Subsequent to focusing, the PRF was measured, using a much larger set of stars, by again moving the telescope in sub-pixel intervals. The representation of the PRF derived from the full data set, and delivered to the SOC and MAST, was used to compute pixel-centered PRFs at row 535.0 and column 550.0 as shown in Figure 15. Images from the EE activity, selected to have the centroid closest to a pixel

center are shown in the Y’ Z’ FPA coordinate system in Figure 16. The EE95 derived from the delivered PRF are shown in Figure 17. These images and 95% EE diameters are meant to give the observer a qualitative idea of how the PRF varies across the focal plane; for precise target aperture definition and photometric time series analysis, users should download the PRF model from MAST (KAM §2.3.5.17).

Figure 16: Pixel-centered images across the FPA after adjusting the focus by 40 µm during

Commissioning. Each EE Target is normalized to the brightest pixel in the target aperture, rotated and translated to the common FPA co-ordinate system, and linearly scaled to the color bar to the right. Black lines on color bar represent 10% intervals. Some channels did not have targets, or the targets were deemed unsatisfactory. The EE targets are magnified by 50x compared to the spacing between them in this image. Relatively dim stars near targets and smear correction artifacts are also visible.

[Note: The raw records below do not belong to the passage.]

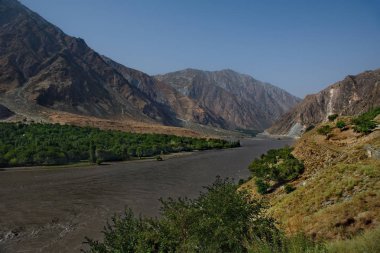 Orta Asya. Tacikistan. Panj nehrinin sınırındaki Pamir yolu..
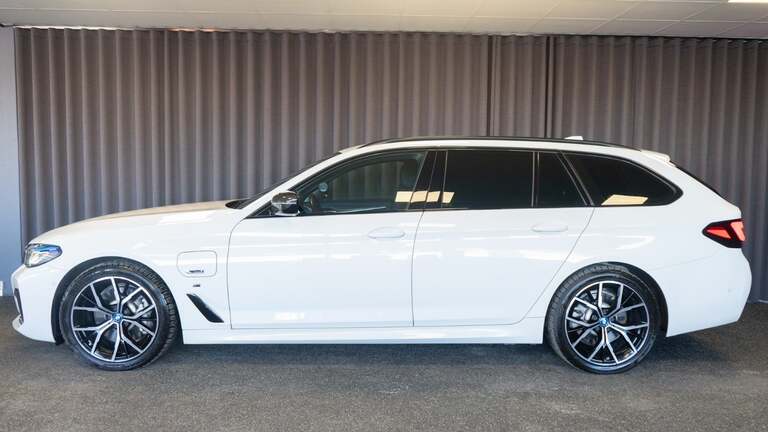 BMW 530e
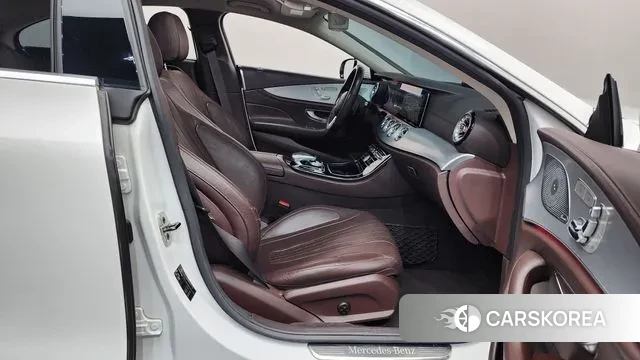 Mercedes-Benz CLS-Class C257 2019 Белый из Кореи, фото 2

Figure 17: Observed 95% EE diameter after focusing the Kepler telescope (see Bryson et al. 2011 for discussion), arranged in the FPA co-ordinate system. Each box is labeled by channel, followed by the 95% EE diameter in pixels. Green indicates a 95% EE diameter well within the 7.0 pixel requirement, shading to red in those few cases where the requirement is approached or slightly exceeded. The white corners indicate FGS channels.

A preliminary analysis of the percent flux in the center pixel of the pixel-centered images shown in Figure 16, grouped by module like the EE results shown in Figure 17, gives results from 20% to 62%, with a median value of 45%. It therefore appears that the focusing activity made the EE diameters smaller, without an excessive concentration of light in the brightest pixels. Table 14 shows 95% EE and central pixel brightness results for all channels.